What is required —
When the listing below reaches the line that has "国产高分悬疑电影《暴裂无声》，漆黑山洞里，埋葬有钱人的秘密", start reproducing exactly; stop after the line that has "Gebruikte Kleppendeksel Mercedes", and drop the pictures.

Data records —
┌──

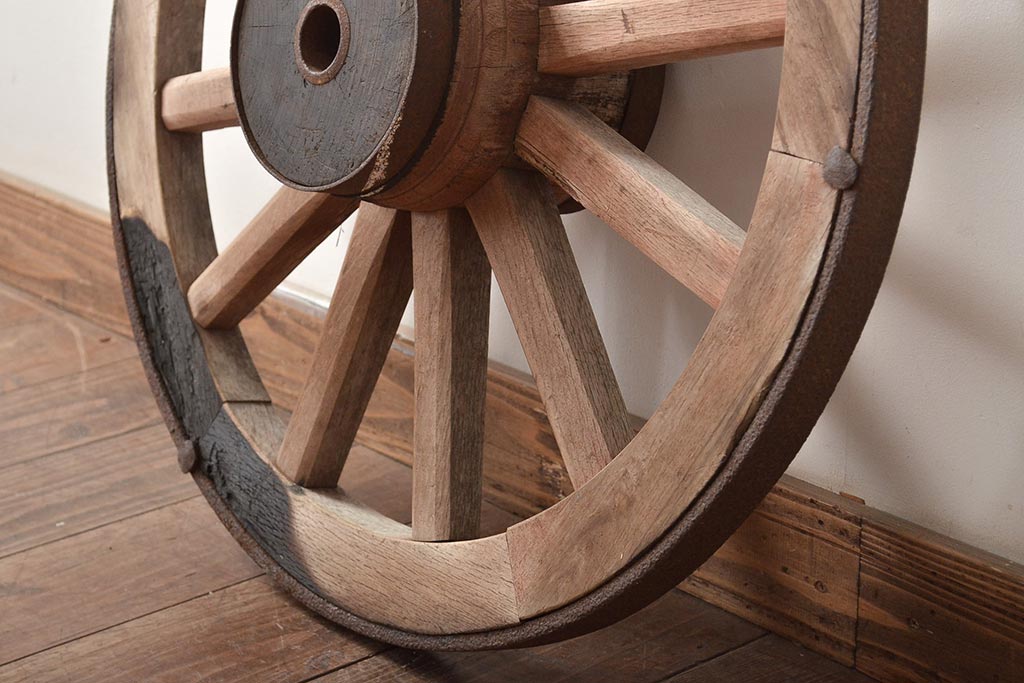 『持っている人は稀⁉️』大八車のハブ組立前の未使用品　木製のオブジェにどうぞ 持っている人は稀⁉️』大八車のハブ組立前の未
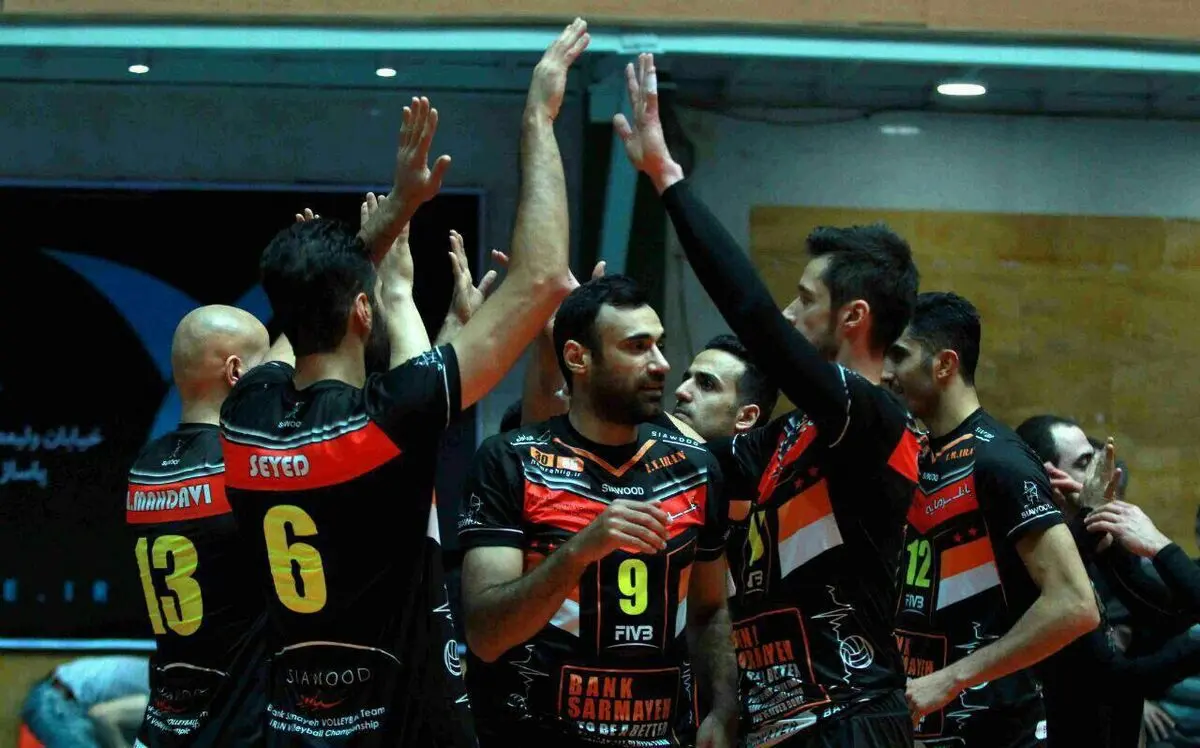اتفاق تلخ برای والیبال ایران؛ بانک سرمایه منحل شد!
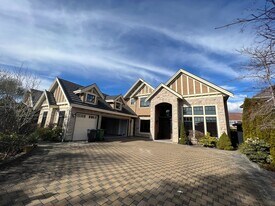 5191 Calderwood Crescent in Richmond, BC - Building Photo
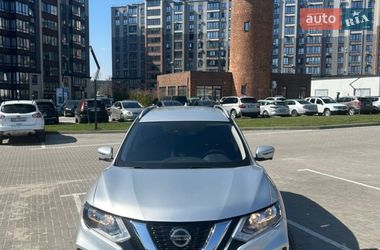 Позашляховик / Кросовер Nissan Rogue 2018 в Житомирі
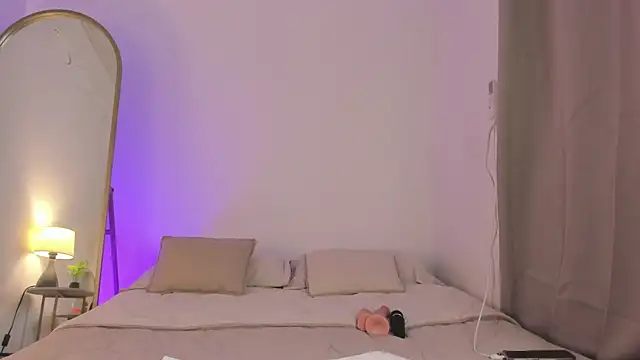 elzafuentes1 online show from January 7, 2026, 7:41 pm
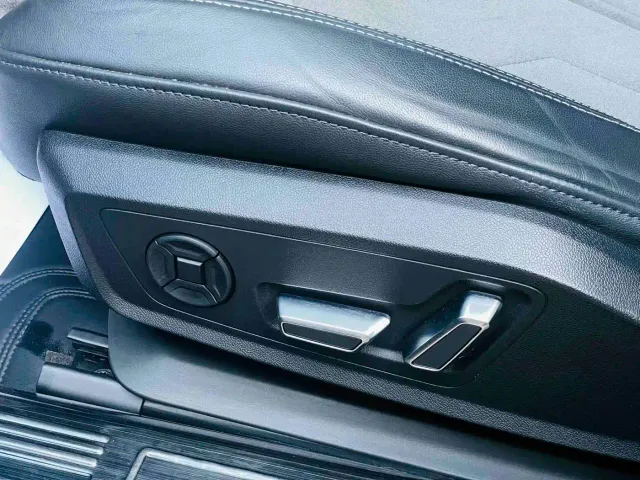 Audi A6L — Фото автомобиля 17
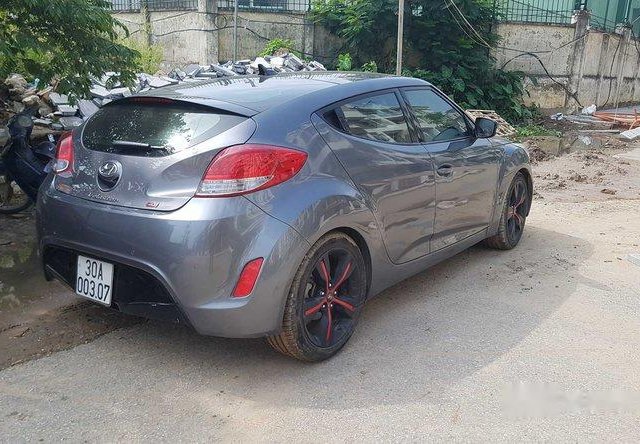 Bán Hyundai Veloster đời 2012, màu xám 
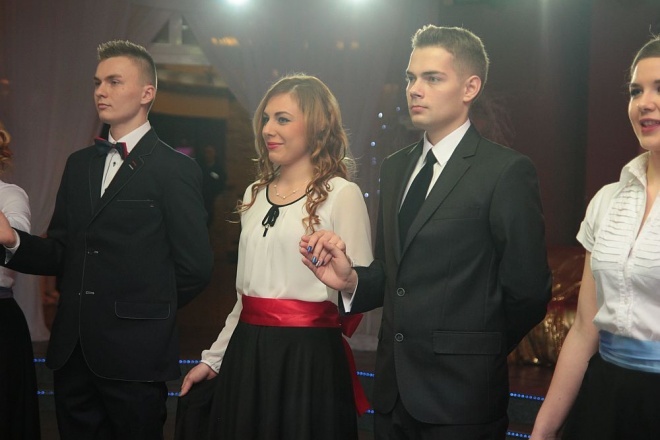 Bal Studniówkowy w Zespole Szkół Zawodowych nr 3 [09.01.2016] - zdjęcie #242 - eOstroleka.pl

└──
┌──

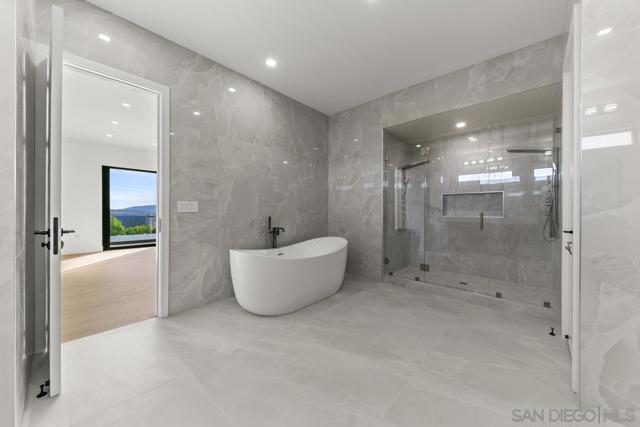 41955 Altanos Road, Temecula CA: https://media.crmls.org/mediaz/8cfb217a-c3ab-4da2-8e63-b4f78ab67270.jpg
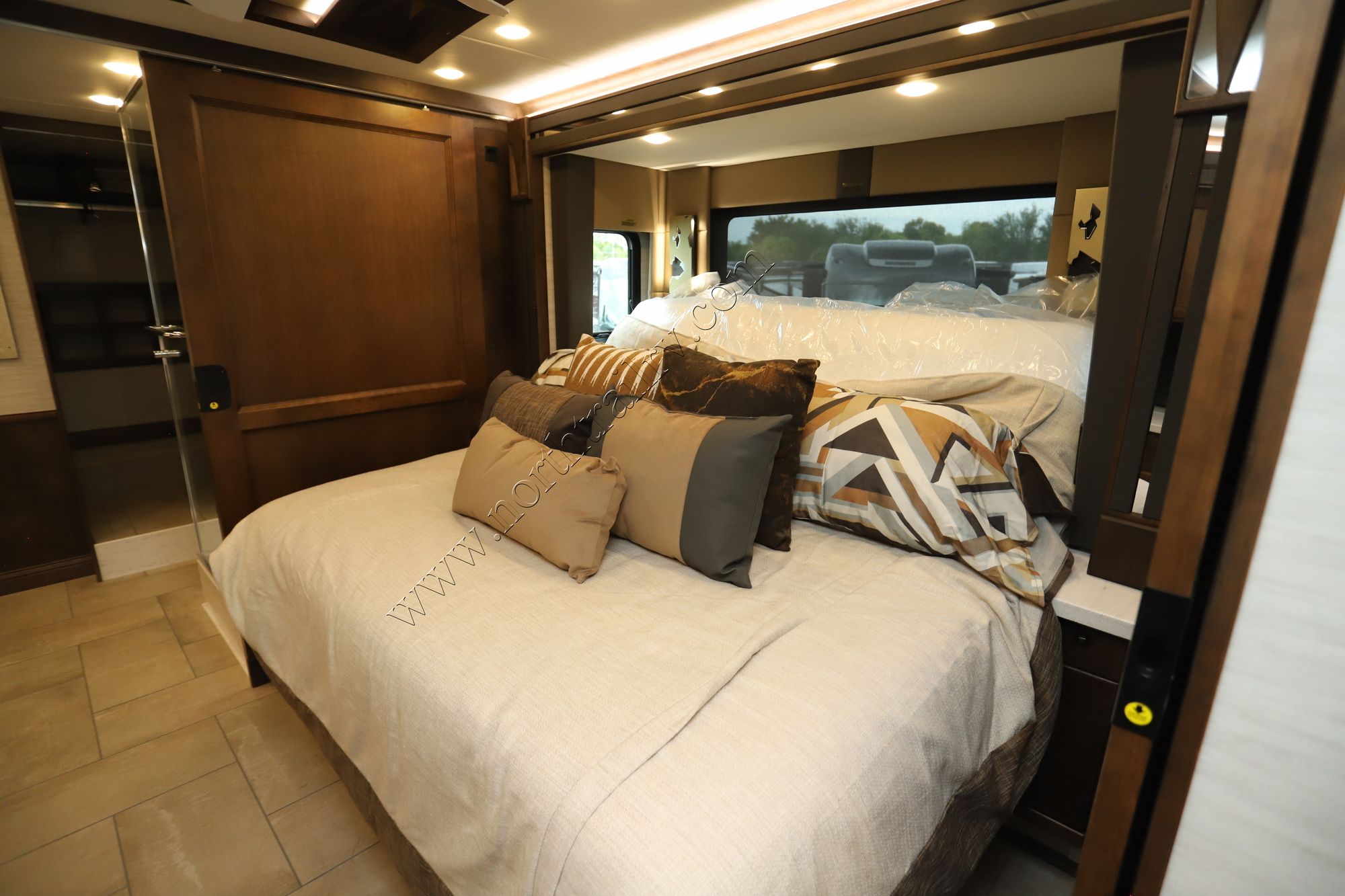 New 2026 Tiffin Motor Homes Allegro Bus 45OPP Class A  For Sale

└──
┌──

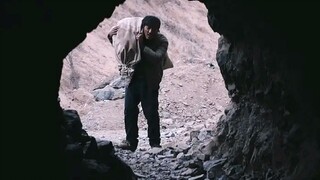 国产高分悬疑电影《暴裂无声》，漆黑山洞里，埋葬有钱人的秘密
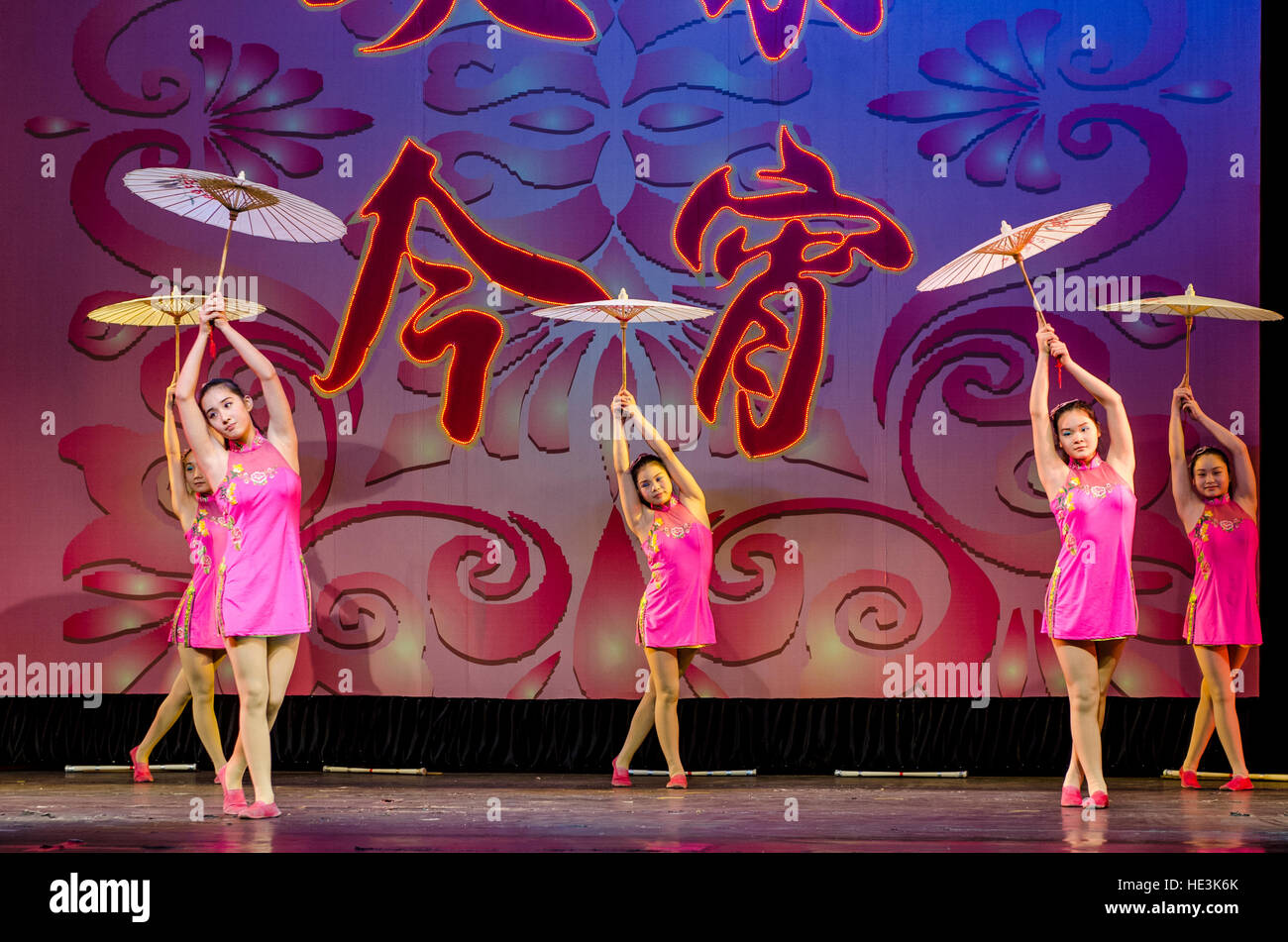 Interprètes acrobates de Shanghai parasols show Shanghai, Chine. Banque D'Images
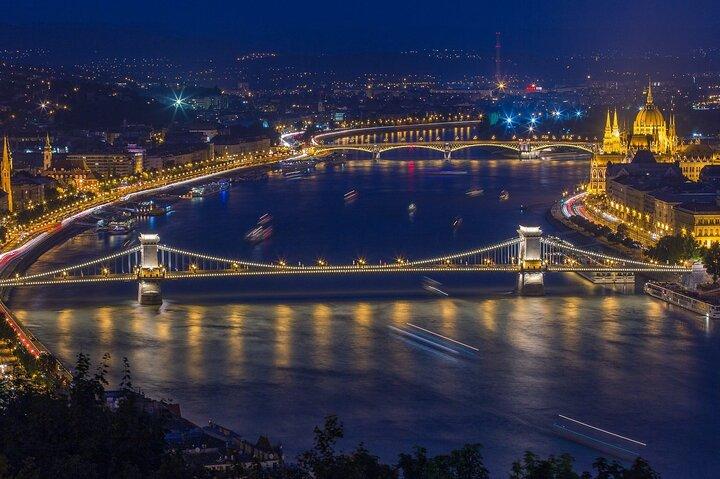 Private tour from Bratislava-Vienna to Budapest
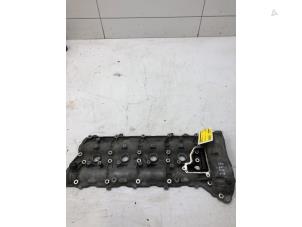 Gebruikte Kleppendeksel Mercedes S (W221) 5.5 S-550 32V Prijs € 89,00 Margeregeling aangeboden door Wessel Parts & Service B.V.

└──

Task output —
 国产高分悬疑电影《暴裂无声》，漆黑山洞里，埋葬有钱人的秘密
 Interprètes acrobates de Shanghai parasols show Shanghai, Chine. Banque D'Images
 Private tour from Bratislava-Vienna to Budapest
 Gebruikte Kleppendeksel Mercedes S (W221) 5.5 S-550 32V Prijs € 89,00 Margeregeling aangeboden door Wessel Parts & Service B.V.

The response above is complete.